La trama del romanzo è chiaramente comprensibile, lo sfondo politico – la dittatura di António de Oliveira Salazar – gioca un ruolo fondamentale nell’evolversi della situazione e Tabucchi è sorprendentemente preciso. Date, vie, spostamenti e addirittura dettagli culinari permettono al lettore di seguire Pereira in una città che diventa a poco a poco amica. Ma la critica Angela Guidotti ha commentato: «Si potrebbe obiettare che con Sostiene Pereira Tabucchi ha voluto voltare le spalle al fantastico a favore di una storia ancorata alla realtà dei fatto storici e alla presa di coscienza del protagonista; ma non mi pare del tutto vero».
Innanzitutto il numero civico 22 di Rua da Saudade, dove l’anziano giornalista vive, e il 66 di Rua Rodrigo da Fonseca, dove lavora nella torrida estate del 1938, non esistono nella realtà. Come lo studio di Sherlock Holmes al 221B Baker Street.
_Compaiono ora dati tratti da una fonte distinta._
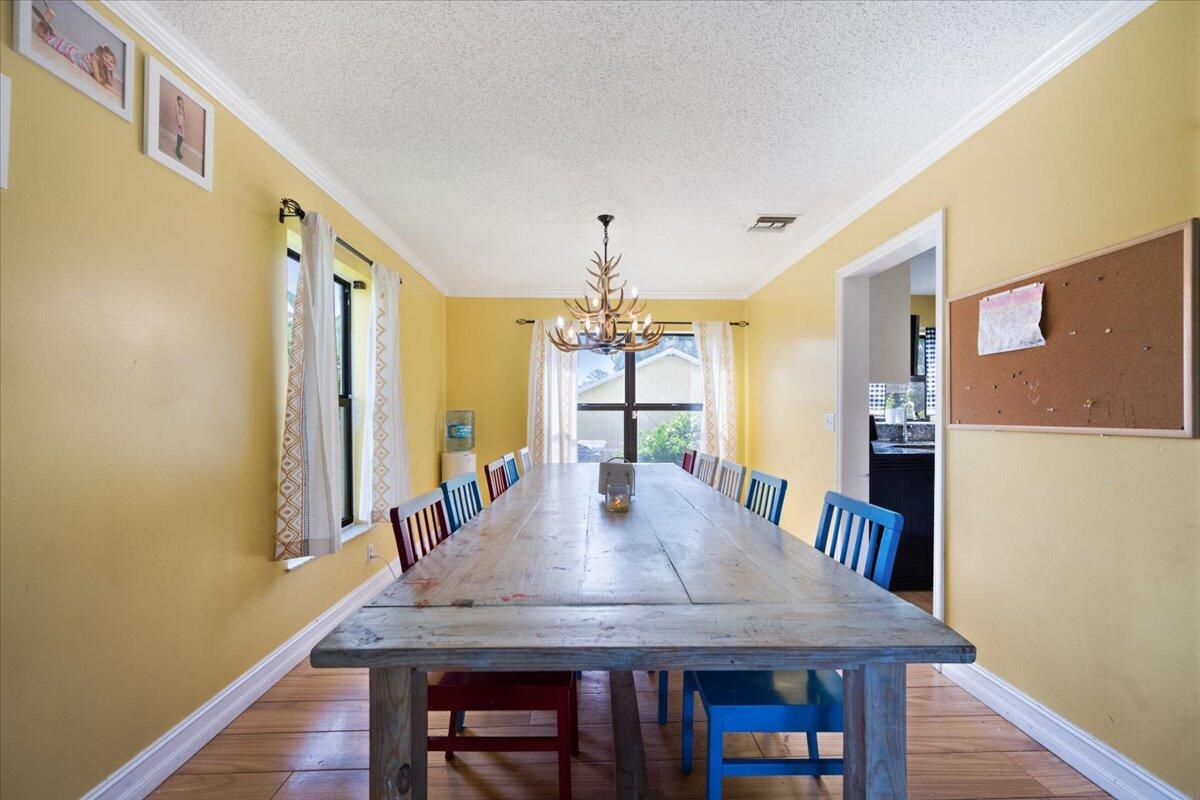 1350 C Road Loxahatchee Groves, FL 33470 - Photo 5 of 27 a view of a dining room with furniture and wooden floor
IL TRENINO FINO A ESTORIL. Le case saltano tra i due intorni senza un apparente motivo ed è così che Tabucchi costruisce l’avventura di Pereira, cliente affezionato – e ripetitivo – del Café Orquidea, che preferisce spostarsi con il tram per non dover risalire a piedi dalla Baixa e affaticare il suo cuore malandato.
I portici di Rua Augusta presidiati da «camionette e agenti con i moschetti» ora coprono negozi d’alta moda e bar di ogni tipo, il treno per Parede scorre lungo la costa di Estoril a lato di spiagge affollate di surfisti e bagnanti. La Lisbona del suo capolavoro è uno sfondo realistico in una storia comunque ricca di illogicità, ma è bello seguire silenziosamente Pereira mentre si perde «al Terreiro do Paço, su una panchina, guardando i traghetti che partono per l’altra sponda del Tago».

LA NOSTALGIA DEL FADO. Il protagonista, così facendo, è solito volare con la mente a felici ricordi di gioventù che però non cita perché «non hanno niente a che vedere con questa storia». La brezza atlantica, le palme che oscillano lentamente e la musica del fado che si coglie in lontananza rendono effettivamente Lisbona una perfetta città di riflessione e nostalgia.

Di un’illusione letteraria, di un sogno che non esiste se non tra le pagine di un libro, di aspettative crollate dopo mesi di progetti. Nostalgia del passato, sì, ma anche del futuro. E non è un ossimoro. È la saudade.